I recently came across some media coverage on Ai Weiwei. The world family and politically controversail sculptor has move to live in Cambridge in England after living in Germany for the last few years. He is also setting up a business to share his sculptures with buyers to be re-assembled in one’s home. This is consistent with his signature style to shock and to make one ponder his intent.

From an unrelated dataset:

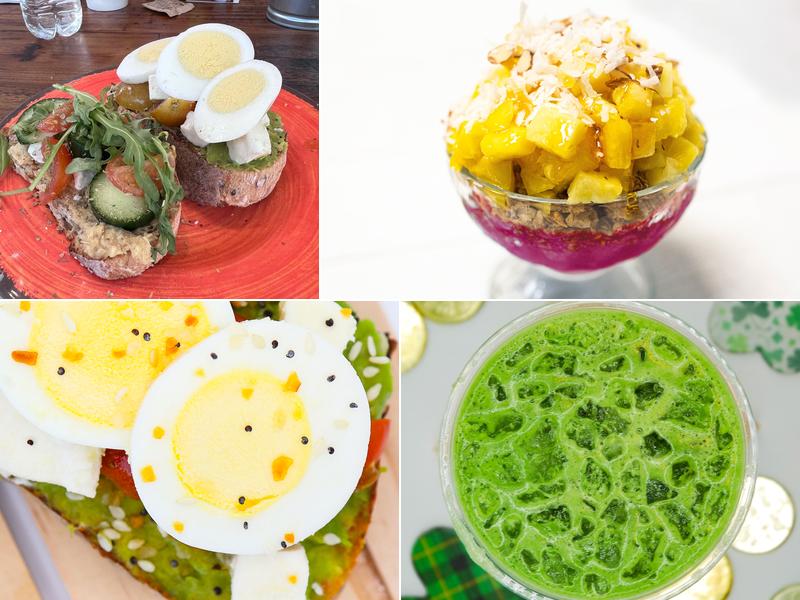 Grain and Berry - Fort Lauderdale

This brings to mind his exhibition in Toronto entitled “According to What?” some years ago. The impact of his home imprisonment in China was still fresh in his consciousness. And with China in the news these days with the CO-vid19 virus spreading from Wuhan to all over China, and globally with no end in sight, the image of his crabs is an apt parady. There is a Chinese saying, that if one spills a basket of crabs, they’ll crawl everywhere–a situation hard to contain and control. This is what it is:
Ai Weiwei has been described as provocative, political and controversial. The exhibition of his art on a world tour and at the Art Gallery of Ontario (AGO) originated from Japan. The curator went to his home in China where he was on house arrest to discuss the presentation. I went to the exhibition with an open-mind, albeit wonderfully how I would feel afterwards.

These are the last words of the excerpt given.